Slashdot Mirror


DeepMind Self-training Computer Creates 3D Model From 2D Snapshots (ft.com)

DeepMind, Google's artificial intelligence subsidiary in London, has developed a self-training vision computer that generates 'a full 3D model of a scene from just a handful of 2D snapshots," according to its chief executive. From a report: The system, called the Generative Query Network, can then imagine and render the scene from any angle [Editor's note: the link maybe paywalled; alternative source], said Demis Hassabis. GQN is a general-purpose system with a vast range of potential applications, from robotic vision to virtual reality simulation. Details were published on Thursday in the journal Science. "Remarkably, [the DeepMind scientists] developed a system that relies only on inputs from its own image sensors -- and that learns autonomously and without human supervision," said Matthias Zwicker, a computer scientist at the University of Maryland who was not involved in the research. This is the latest in a series of high-profile DeepMind projects, which are demonstrating a previously unanticipated ability by AI systems to learn by themselves, once their human programmers have set the basic parameters.

27 comments

  1. There's already a program for that... by the_skywise · · Score: 1, Informative

    I'm not sure why this is a big deal. MS had the tech for this about 5 years (Send us a buncha 2d pictures and we'll turn it into a VR set) extrapolating to models isn't that far of a reach.

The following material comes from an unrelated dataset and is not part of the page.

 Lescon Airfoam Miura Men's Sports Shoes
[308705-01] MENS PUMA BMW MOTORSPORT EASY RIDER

    1. Re:There's already a program for that... by Anonymous Coward · · Score: 1

      Adobe has been doing it for years as well.

    2. Re: There's already a program for that... by Anonymous Coward · · Score: 0

      Oh, haven't you heard? It's because of this new guy called AI that is here to destroy those human Luddites and take away all their jobs through 100% skynet autonomy.

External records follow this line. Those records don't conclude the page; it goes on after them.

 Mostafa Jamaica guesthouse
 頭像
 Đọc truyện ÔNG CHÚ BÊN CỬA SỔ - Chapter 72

    3. Re:There's already a program for that... by quantaman · · Score: 2

      I'm not sure why this is a big deal. MS had the tech for this about 5 years (Send us a buncha 2d pictures and we'll turn it into a VR set) extrapolating to models isn't that far of a reach.

      It sounds like the key difference here is they're predicting parts of the scene they haven't seen, such as what the other side of an object they haven't seen looks like.

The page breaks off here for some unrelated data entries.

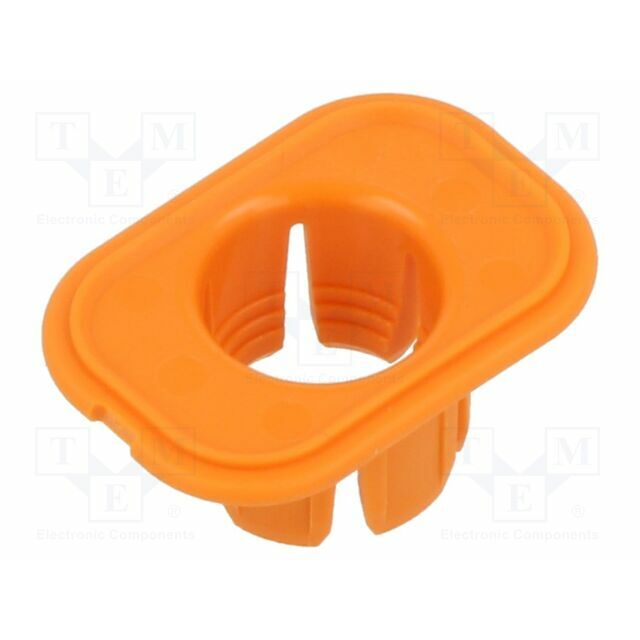 TE CONNECTIVITY Guide element; HVA280 |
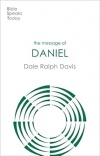 The Message of Daniel: His Kingdom Cannot Fail - BST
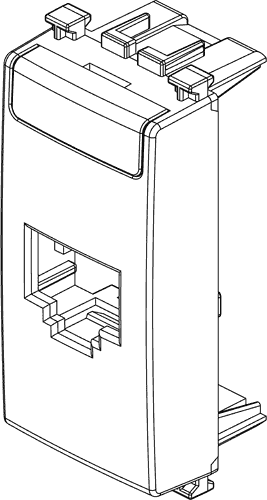 19338.C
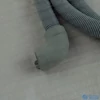 2,4 m Kifolyócső 21/20 mm, 90° (eredeti) ELECTROLUX mosógép / RENDELÉSRE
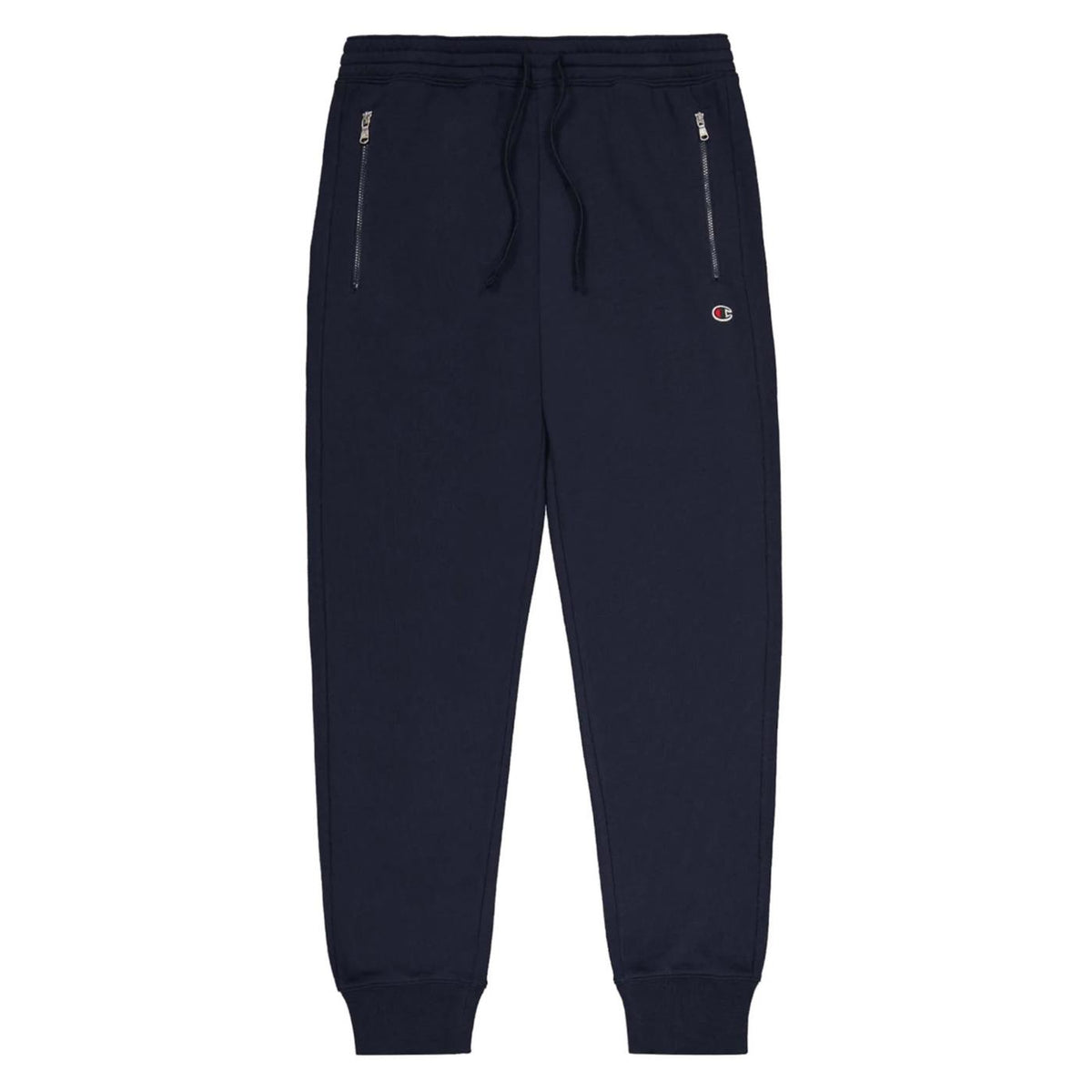 CHAMPION RIB CUFF PANTS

      I don't know if they do that just based on clues like shadows, or the system says "that looks like the front of a sphere, therefore I can assume it's round on the other side as well."

      --
      I stole this Sig
    4. Re:There's already a program for that... by Hognoxious · · Score: 1

      I was surprised, because I'd read that it was difficult. Specifically it was about creating a bump map from a photo of things like those decorative carved panels you sometimes see on buildings.

      It's something humans can do quite easily.

      --
      Confucius say, "Find worm in apple - bad. Find half a worm - worse."
    5. Re:There's already a program for that... by dinfinity · · Score: 2

      This is something completely different than Photosynth. Completely.
      At least just glance at TFA.

    6. Re:There's already a program for that... by ShanghaiBill · · Score: 1

      At least just glance at TFA.

      I can't. It's paywalled.

    7. Re:There's already a program for that... by Anonymous Coward · · Score: 0

      Non pay wall of real paper: http://science.sciencemag.org/content/360/6394/1204.full

      This is different than photosynth and other related efforts, because it is not creating an explicit mathematical representation based on SIFT or other points, but rather learning the room and forming an internal representation of it. I think that it's important because this is far closer to what animals do.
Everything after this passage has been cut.